I will conclude with an overview of our work on desktop supercomputing .
 The FASTRA II Desktop Supercomputer, http://fastra2.ua.ac.be
Diffusion-weighted magnetic resonance imaging tractography
Maastricht University – Cognitive Neuroscience/Neuroimaging
In my presentation I will firstly give a general and brief introduction about diffusion MRI data processing and how to reconstruct the whole brain map of cortico-cortical white matter connection, known as CONNECTOME. Several approaches are available to reconstruct such map. I will focus on a recently developed technique for whole brain tractography which uses graph analysis to reconstruct the white matter pathways in the human brain. Such approach is slower than standard deterministic algorithms since it has to compute, for each seed voxel, the map of edge weights for the whole brain volume. In the talk, I will show how I improved the performances of this algorithm using CUDA.
The unique challenges of producing compilers for GPUs
CPU compilers have been around since the 50s. GPU compilers are much more recent. This talk will cover the unique challenges of writing GPU compilers. CPU architectures and languages have been around much longer than GPUs, which means that CPU compilers can be written much more slowly than GPU compilers. This speed of development is a particular problem. But also GPUs benefit from massive levels of parallelism, which means their cores are designed for running large numbers of threads relatively slowly. This creates quite different design constraints compared with CPUs. Andrew is the CEO of Codeplay, which has been writing GPU compilers for a variety of customers for over a decade.
A tour of LLVM, and why it is important for GPU software
Modern compiler technology such as LLVM and CLang has an essential role to play
in future parallel language designs. By providing a common intermediate representation,
LLVM allows languages targeting new architectures to benefit from existing compiler
optimisation passes. Single-source GPGPU languages such as CUDA, OpenMP, C++ AMP,
and OpenACC also make essential use of compiler technology to partition source into
host and accelerator code. The open-source LLVM and CLang projects are written in modern C++;
sponsored by Apple; and used within an increasing number of GPGPU language projects and
products from both industry and academia.
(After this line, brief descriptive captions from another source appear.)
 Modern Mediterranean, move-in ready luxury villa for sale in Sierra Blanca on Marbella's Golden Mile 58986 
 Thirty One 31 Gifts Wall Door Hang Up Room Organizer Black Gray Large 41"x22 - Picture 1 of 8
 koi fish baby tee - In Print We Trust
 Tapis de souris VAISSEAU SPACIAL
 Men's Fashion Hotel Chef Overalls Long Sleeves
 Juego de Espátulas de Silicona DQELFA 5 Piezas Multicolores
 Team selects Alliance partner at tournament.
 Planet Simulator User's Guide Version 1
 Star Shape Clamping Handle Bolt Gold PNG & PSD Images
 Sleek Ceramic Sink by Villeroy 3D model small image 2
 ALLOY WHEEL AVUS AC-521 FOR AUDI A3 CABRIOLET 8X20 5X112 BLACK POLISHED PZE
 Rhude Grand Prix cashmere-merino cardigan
In this talk I will give an overview of
LLVM relevant to GPGPU language design.
DEGIMA, The greenest accelerator-based supercomputer in the World
Nagasaki University, JP
At the frontline of high performance computing, we have seen great success on producing faster, cheaper, and smaller systems. One good example of such progress is the GPU-based DEGIMA cluster, which characterises itself for being one of the most cost-efficient and power-efficient supercomputers in the world. However, the same advances that have driven HPC have intensified power related challenges. In this talk we will discuss energy management techniques used in DEGIMA that allow us to maximise performance for a given power budget or improve power-efficiency for a given performance target.